I want to start reloading for my .45. I'm sick of dumping $30 per range trip... even on Walmart ammo.

Suggestions on GOOD, but ECONOMICAL stuff? I don't need huge volume, just 50-100 per week.

Buy used? Anyone selling?

Jeff


----------



## K Bob (Sep 17, 2007)

Say Jeff I bought a Lee anniversary kit and carbide Lee .45 dies. This setup works great and cost was around a hundred dollars. It's not as fast as the progressive press,but it's a heck of a lot less exspensive.I can load 100 rounds of .45 for around nine dollars. I did not like the Lee powder dump so I got a Lyman no.55 it works great and really speeds up single stage reloading.


----------



## spacedoggy (May 11, 2006)

I'd get the Lee 4 hole Turret press. It's right there in the middle of a single stag press and a progressive press. It's around 80.00 dollars at midway. To get everything you need to get started should run you around 140. You should be able to make 150 to 200 45 an hour. If you decide that you want to reload different rounds say add 9mm it would run you around 40.00. You can make match bulletts like a single stage press and do things in stages or make bulk for just popping off at the range. That's why I love the turret. Check these videos out. Check these short how to videos out on this page

http://www.leeprecision.com/html/HelpVideos/video.html

*Reloading process demonstrated

Turret Press in operation

Four hole turret index adjustment

*


----------



## cbrgator (Aug 21, 2007)

What hardware is being used in those videos.
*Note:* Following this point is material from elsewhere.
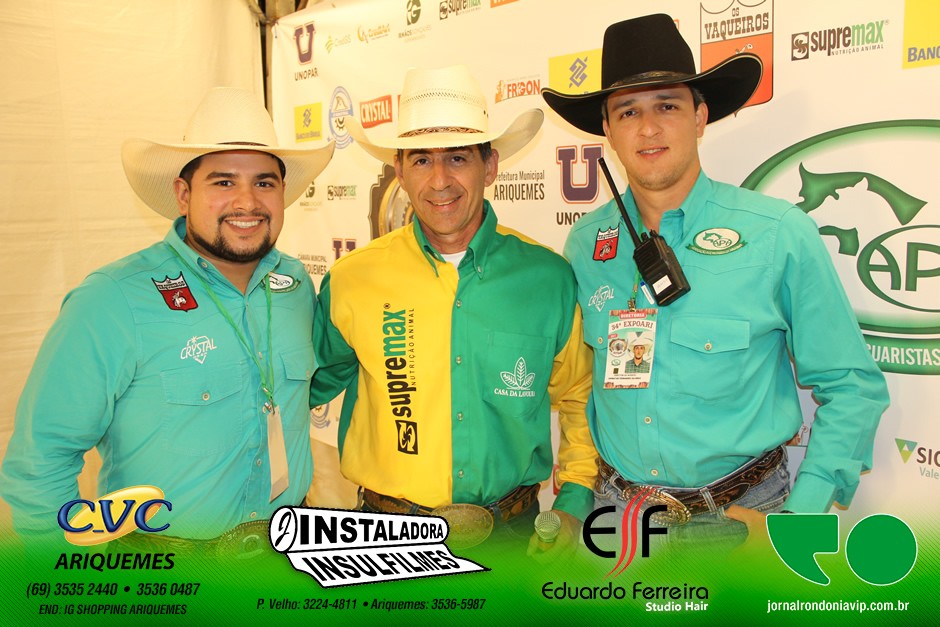 34ª Expoari - Sexta-feira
He says the lee Turret Press but it looks more like the classic. I want to look into whatever he is using because he makes it look ridiculously easy.


----------



## JeffWard (Aug 24, 2007)

WE HAVE A WINNER!!!!!

I think I'm going with the Lee Classic (4-hole) Press. If I can crank out 100 rds of ACP for around $10, and WWB at Walmart is $30 per hundred...
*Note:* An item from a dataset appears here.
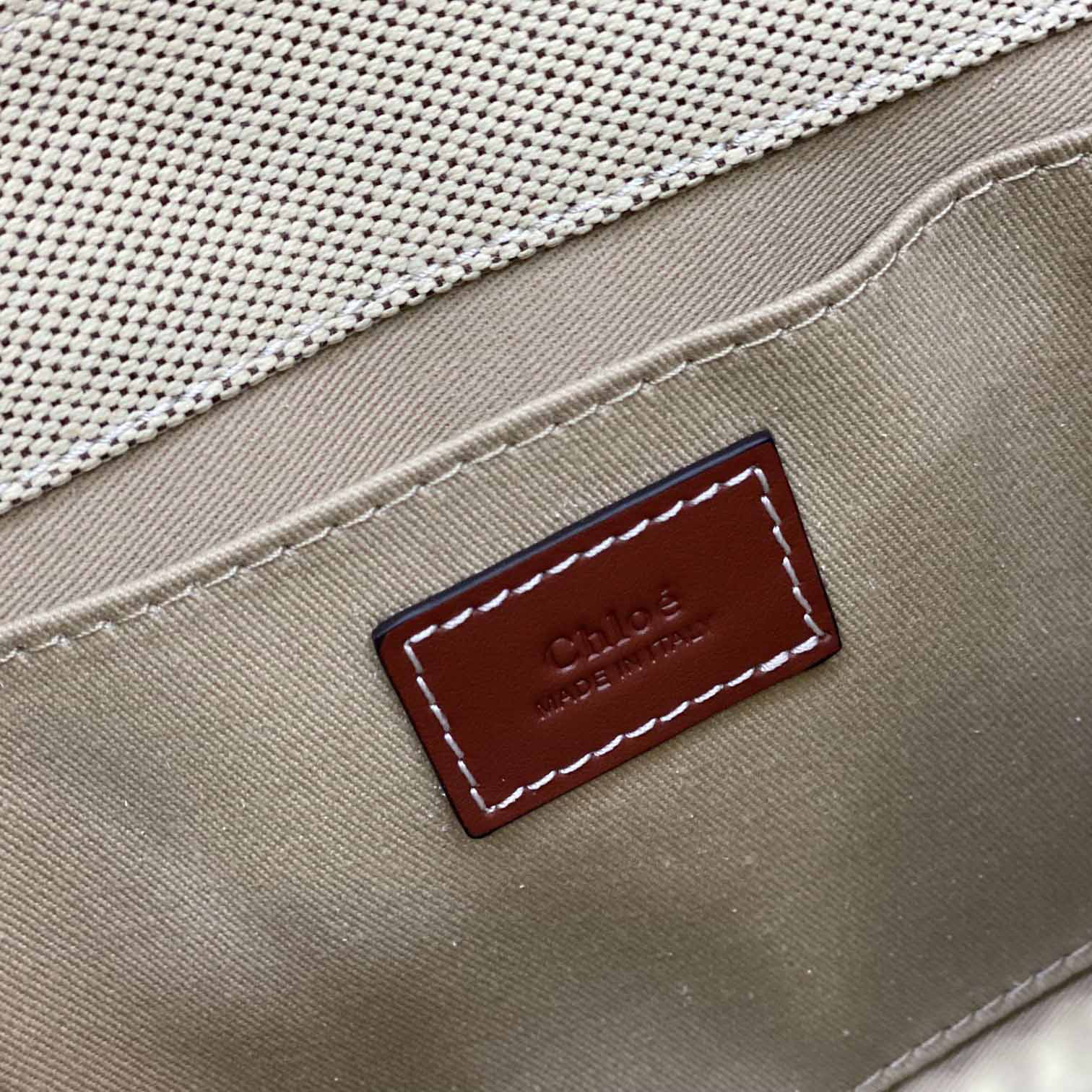 Chloe Small Woody Tote Bag - DopestKickz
$200 worth of press+dies+toys pays for itself in 7-10 weeks, since I burn 100-200 rounds per week.

I'll add the 9mm dies later for my G/F's auto.

I assume 9-10 per 100 does not include brass... But since the range I shoot at usually is about ankle deep in .45 and 9mm brass by 6pm... Almost literally... Granted, they have a company that comes and gets all their spent brass each night, but if I shoot 100, and take home my spent cases, plus a few dozen... no one will bitch.

One more question:
What's the life expectancy of a .45 case? 2-5 reloads? 12? 50?
For safety, and for quality.

Thanks for all the great info!

Jeff


----------



## Baldy (Jun 21, 2006)

Shoot them till they split is the way I do it. Some of my brass has been loaded more than twenty times. How do I know? I used to keep records until I found out it was a waste of time. Just inspect them real good before loading. Good luck.


----------